Perl Weekly Week 5 (Part 2)

Tags:

Technical note

My blogging platform was really not happy with some of this post. I tihnk I'm going to have to go back to my earlier plan of building my own in Perl6. So I've cut up my first couple of failed attempts, one was kind of neat as it involved threading but I'm sure I'll revist it in the future. Meanwhile he's the final result.

Back to the drawing board

Ok. Brute force and ignorance, even with threads was not enough. Time to have a think about a better solution. Also... time to re-read the spec. I was trying to do too much. I already have a script that can find Anagrams for a given string, so why am I not doing what the spec says and follow the Unix paradigm? Write a script that does one thing well.
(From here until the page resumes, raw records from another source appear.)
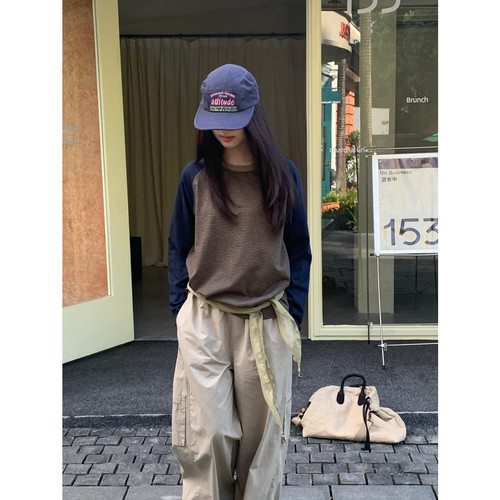 LEAVES十三行秋新款美式宽松慵懒风条纹插肩袖休闲长袖T恤女0909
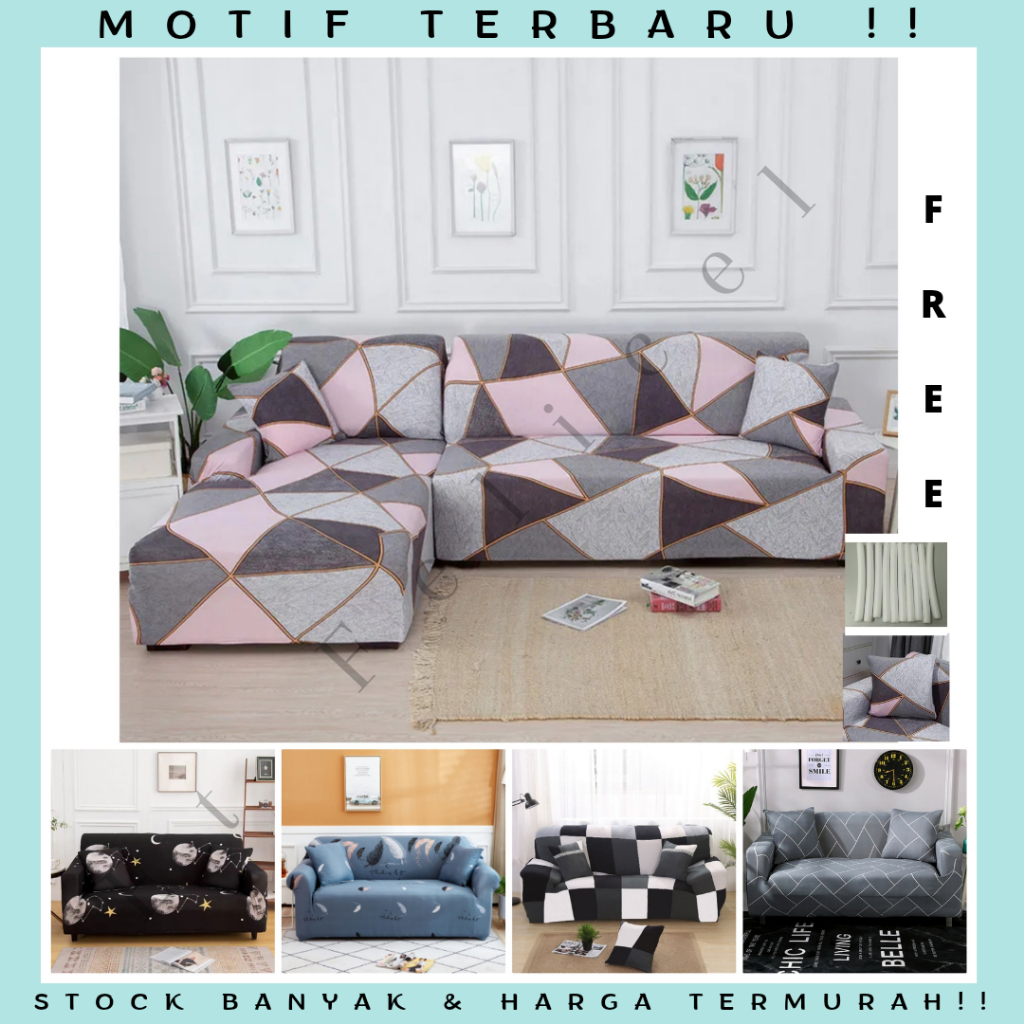 Elastic Sofa Cover Pattern / Sarung Kain Penutup Sofa Elastis Corak Motif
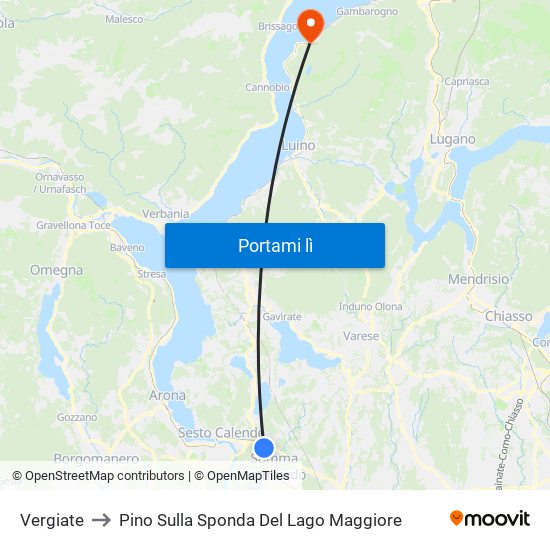 Vergiate to Pino Sulla Sponda Del Lago Maggiore map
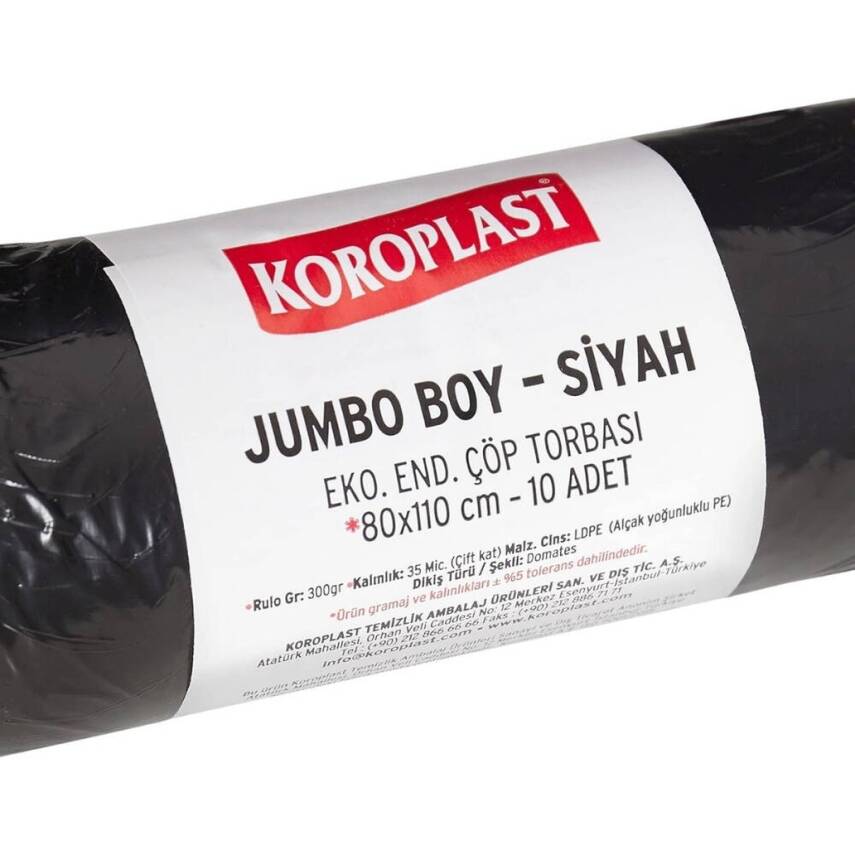 Koroplast Çöp Torbası Eko Endüstriyel, Siyah, Jumbo, 80x110 cm - 3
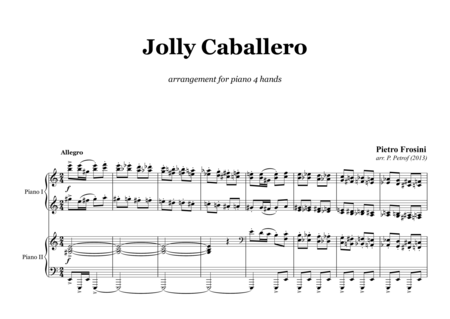 Free Sheet Music Jolly Caballero For Piano 4 Hands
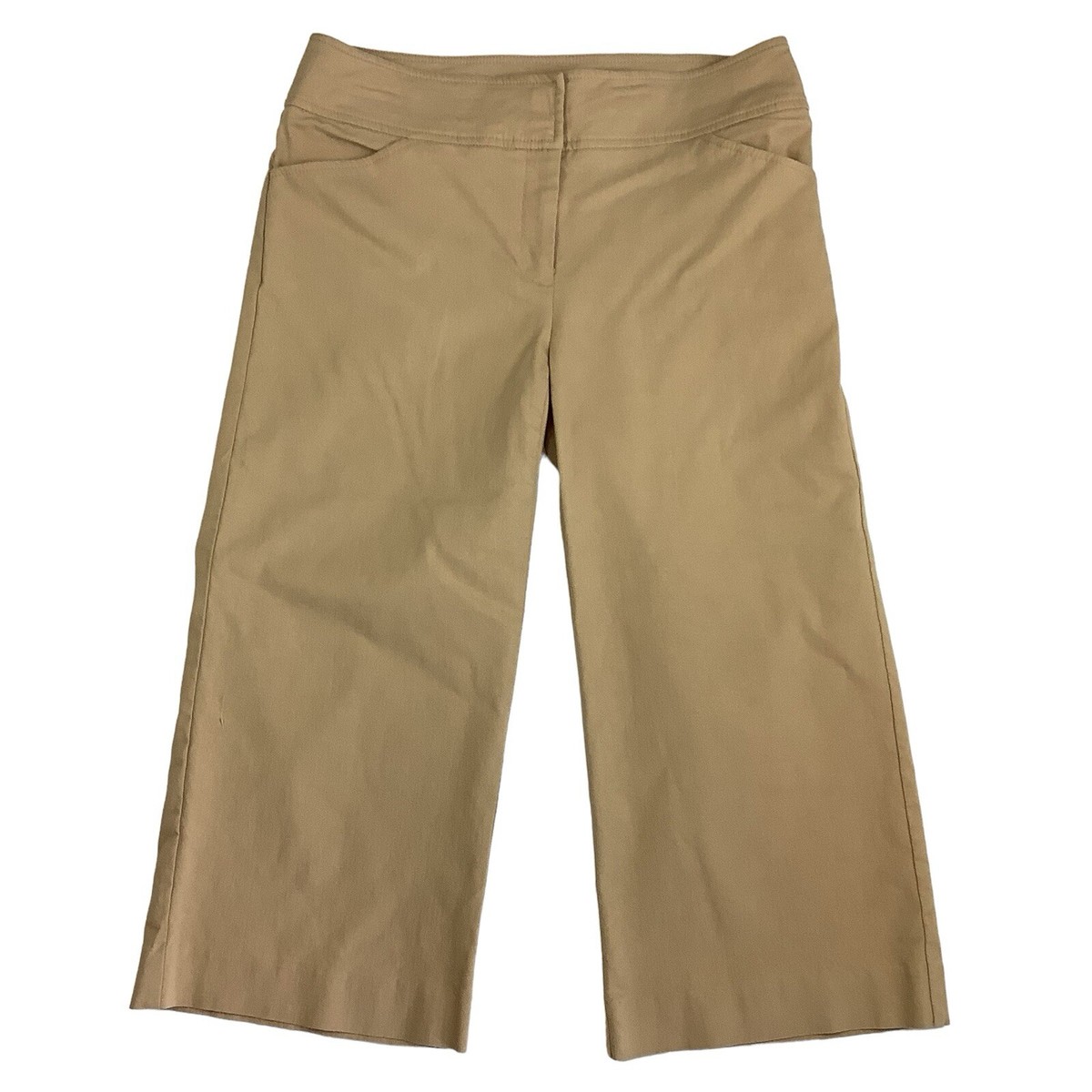 Bandolino Crop Capri Stretch Skimmer Pants Khaki Tan Women's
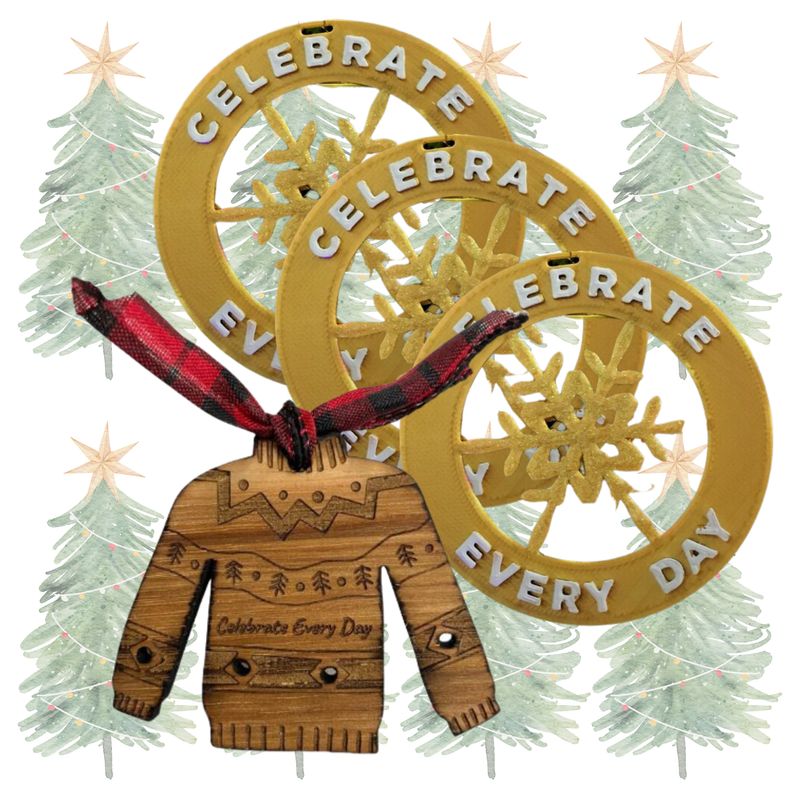 Holiday Ornament Set (4-Pack): Ugly Christmas Sweater Oak Ornament + 3 Gold Celebrate Every Day® Ornaments Holiday Ornament Set (4-Pack): Ugly Christmas Sweater Oak Ornament + 3 Gold Celebrate Every Day® Ornaments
So I had a think. I needed to avoid trying to cross reference things, at this point I had an idea that was based on trees. The core idea goes like this, normalise and sort the string, then store it in a hash and keep count of numbers of times that node has been reached. Then I can keep running count of the biggest number and it's strings. Here's an example. Lets say we've just started and out first word is ant this goes into out tree which becomes :

{ 
 'a' => {
         'n' => {
                 't' => {
                         'count' => 1
                        }
                }
        }
}

So our counter is at 1 and the list of strings is ['ant']. Then we get act :

{ 
 'a' => {
         'c' => {
                 't' => {
                         'count' => 1
                        }
                }
         'n' => {
                 't' => {
                         'count' => 1
                        }
                }
        }
}

The counter stays at 1 and the list is now ['ant', 'act']. Now we get tan which becomes act and the tree is now

{ 
 'a' => {
         'c' => {
                 't' => {
                         'count' => 1
                        }
                }
         'n' => {
                 't' => {
                         'count' => 2
                        }
                }
        }
}

The counter is upped to 2 and the list is reset to ['ant'] and this continues. It's a nice simple algorithm and the code for it turns out like so :

#!/usr/bin/env perl6

use v6;
use lib 'lib';
use Anagrams;

my %*SUB-MAIN-OPTS = :named-anywhere;

sub USAGE { say $*USAGE }

subset FilePath of Str where *.IO.f;

#| Display Help file
multi sub MAIN ( Bool :h($help) where *.so ) { USAGE(); }

So here's our boilerplate again

#| Find the strings(s) which has the most anagrams in the given dictionary
#| Prints out 1 string per line to STDOUT
multi sub MAIN (
    FilePath :$dict = "/etc/dictionaries-common/words" #= Dictionary file to use. Defaults to "/etc/dictionaries-common/words"
) {
    my %store;
    my $max-length = 0;
    my @values;
    for $dict.IO.words -> $word {
        my $string = order-string( $word );
        my @keys = $string.comb;
        my $current = %store;
        for @keys -> $key {
            $current{$key} //= {};
            $current = $current{$key};
        }
        $current<count>++;

This part handles the spidering through the tree. At the end $current is a reference to the end node for the string. We increment the count value (creating it if it doesn't exists).

        given $current<count> {
            when * > $max-length {
                $max-length = $current<count>;
                @values = [$string];
            }
            when * == $max-length {
                @values.push($string);
            }
        }

Given is the Perl 6 version of a switch if our count is over the max length we up it and create a new output array. If it's the same as max length we add our new string to the output array.

    }
    @values>>.say;
}

Then once the loop is down we print out the results.

While the previous script took 3 hours and got no where this took 3 seconds. So I claim that as a win. Roll on next week.